Although the chunky knitwear half of pair, journalist Mikael Blomkvist (Daniel Craig), is no cardboard cut-out, the dark heart of this story (whether we're talking the fat airport books, their Swedish language screen adaptations, or this Hollywood version), has always been the titular 'girl'. Twenty-something Lisbeth Salander (Rooney Mara) is a misanthropic, borderline autistic, hacker genius whose policy of trusting no-one has been justified to date by the crap-sack hand she's been dealt in life. She refuses to be a victim, and refuses too to do the morally upstanding thing and turn the other cheek. As in director David Fincher's Fight Club, we're encouraged to empathise with some deeply dodgy behaviour from the supposed protagonist.
Being female, Lisbeth's under more obligation than your typical anti-hero to behave herself and do the grown-up thing. This character is placed under great pressure within the narrative of the film itself, but she's also operating under enormous cultural pressure. She's been held to represent by different commentators, variously: a sleazy male writer's fantasy woman, the greatest thing to happen to feminism since flammable bras, the best lead in a thriller in about a decade, a champion of vengeful vigilante violence, and a bold new figurehead for a female-led high-end thriller franchise.
Lisbeth herself, of course, wouldn't give a shit about how she's interpreted, and that's probably what allows the film to work. Lisbeth is not written or played as one-dimensionally representing any single critical stance, which is what allows so many interpretations of her to legimately co-exist. That's probably a healthy place for a piece of cinema to be - a more polemical script would leave less room for different readings.

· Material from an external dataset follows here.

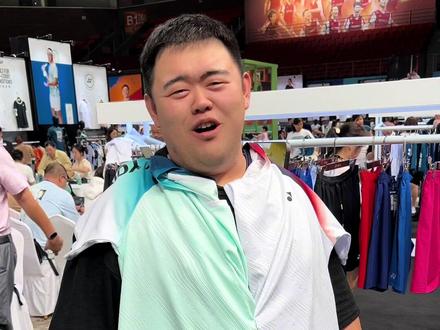 欢迎来到2024 尤尼克斯新品发布会@YONEX #y穿搭 #尤尼克斯 #yonex #穿线师梁宇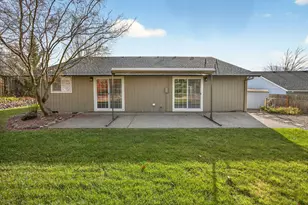 577 C St, Phoenix, OR 97535 - Photo 38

You do have to wonder whether a male Lisbeth would be burdened with the weight of so many viewpoints, or whether he'd simply be allowed to be more of a Charles Bronson Death Wish figure. The rarity of this type of female lead aside, this film simply isn't very radical; it's just a big, slick, enjoyable thriller that happens to be less than usually shy of actually showing the sort of brutal rape that normally happens off-screen in these type of murder procedurals. It's ultimately David Fincher's perfectionist talent for creating a gripping aesthetic that raises this film above your average James Patterson adaptation.
Only rarely does this film put a foot wrong, and yet it's perhaps concentrating so hard on doing so, that it never takes the truly wild leaps or risks that could have made it either disastrous or magnificent. Instead, it's just pretty damn good.